━━━ SUPPLIED RECORDS ━━━

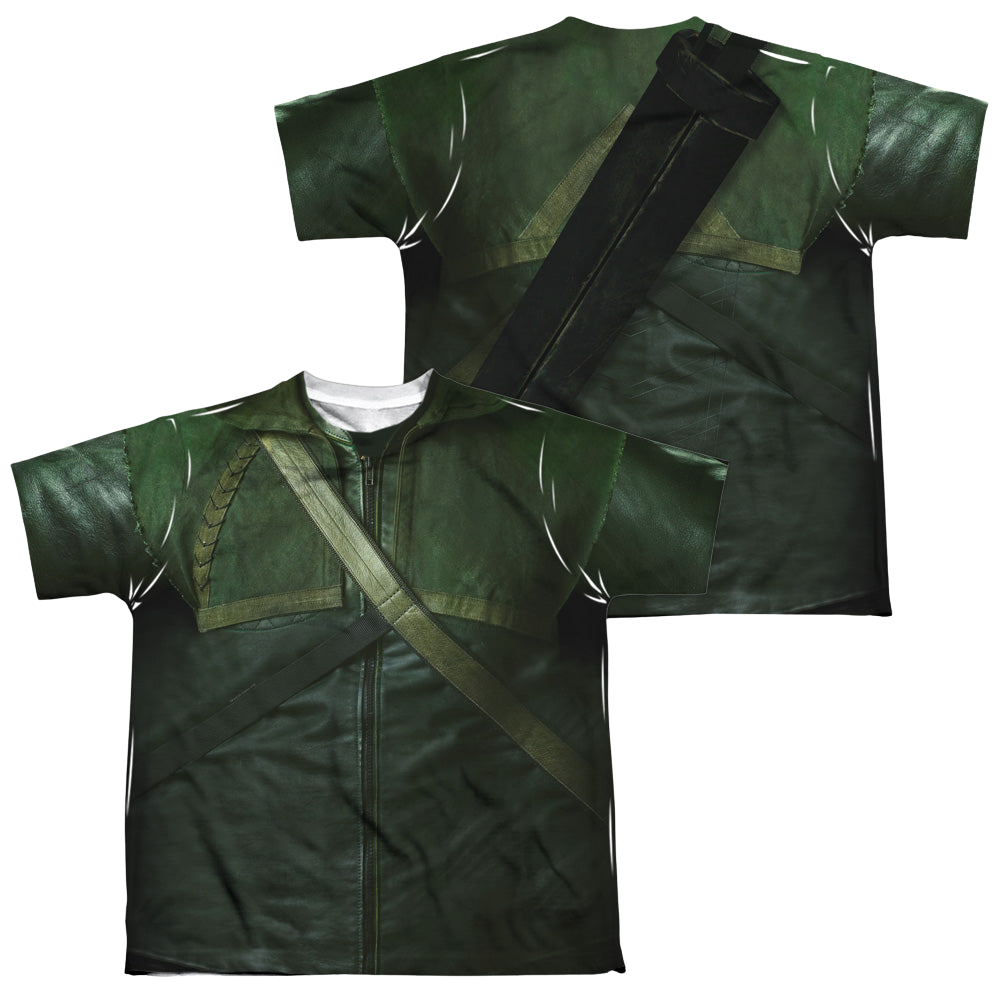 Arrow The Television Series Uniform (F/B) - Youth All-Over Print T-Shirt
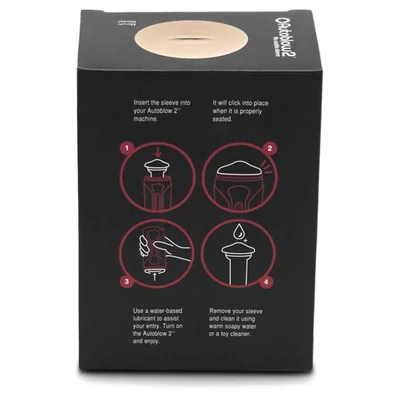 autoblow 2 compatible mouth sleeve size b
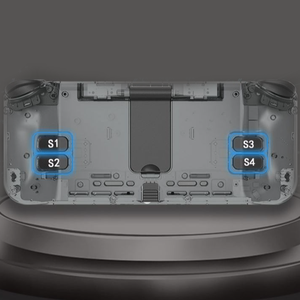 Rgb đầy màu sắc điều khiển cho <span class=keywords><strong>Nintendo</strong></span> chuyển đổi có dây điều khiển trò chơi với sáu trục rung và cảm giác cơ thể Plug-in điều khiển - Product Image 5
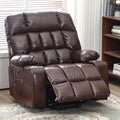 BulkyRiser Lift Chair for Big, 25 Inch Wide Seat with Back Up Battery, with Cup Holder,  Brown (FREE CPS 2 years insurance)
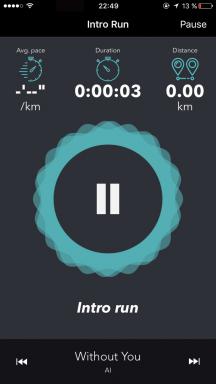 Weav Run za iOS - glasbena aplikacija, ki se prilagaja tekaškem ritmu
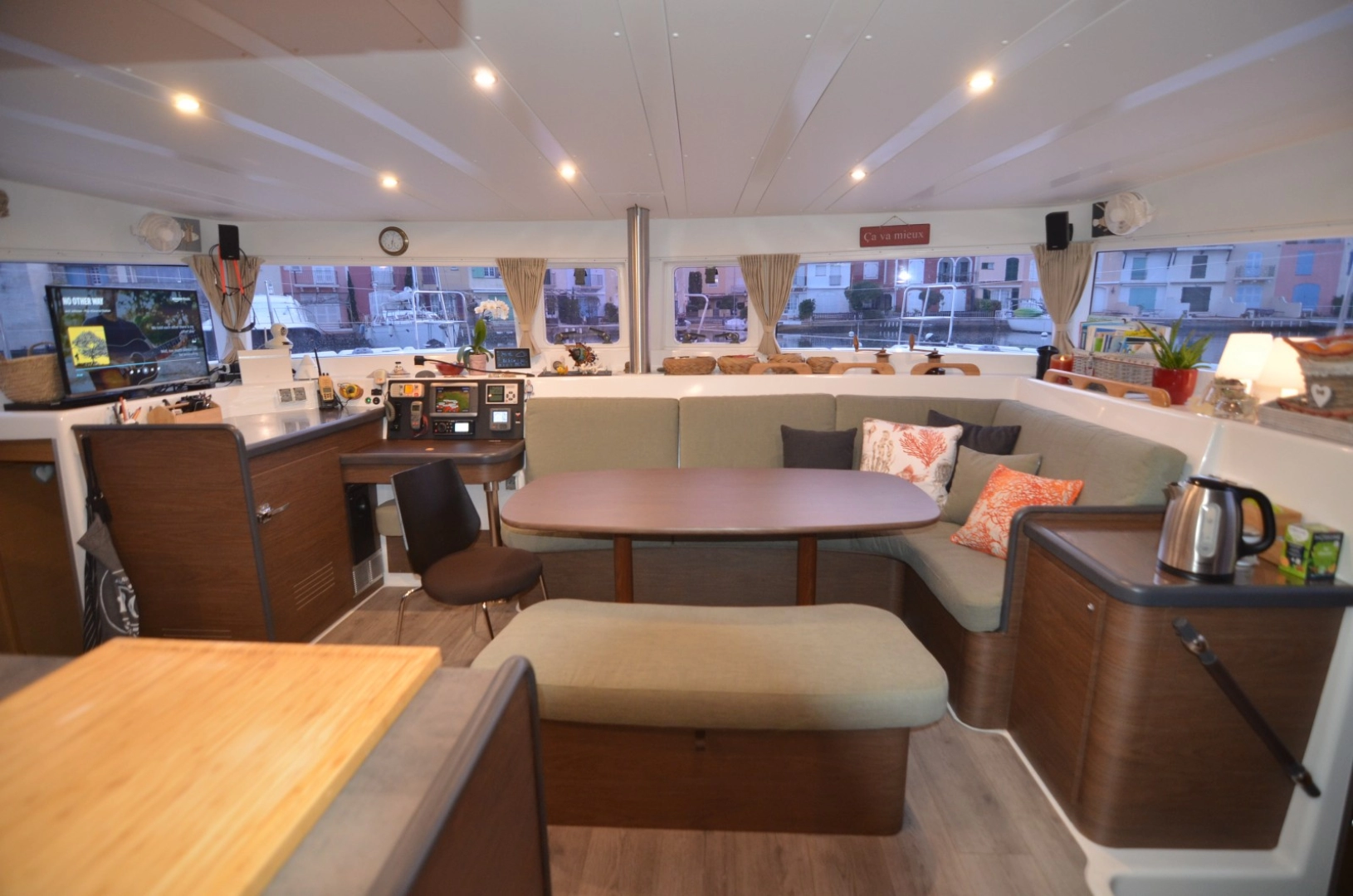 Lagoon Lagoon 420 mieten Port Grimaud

━━━

- REQUIRED ACTION -
Print out the complete listing above exactly, dropping each image.

- SOLUTION TO THE EXERCISE -
 Arrow The Television Series Uniform (F/B) - Youth All-Over Print T-Shirt
 autoblow 2 compatible mouth sleeve size b
 Rgb đầy màu sắc điều khiển cho <span class=keywords><strong>Nintendo</strong></span> chuyển đổi có dây điều khiển trò chơi với sáu trục rung và cảm giác cơ thể Plug-in điều khiển - Product Image 5
 BulkyRiser Lift Chair for Big, 25 Inch Wide Seat with Back Up Battery, with Cup Holder,  Brown (FREE CPS 2 years insurance)
 Weav Run za iOS - glasbena aplikacija, ki se prilagaja tekaškem ritmu
 Lagoon Lagoon 420 mieten Port Grimaud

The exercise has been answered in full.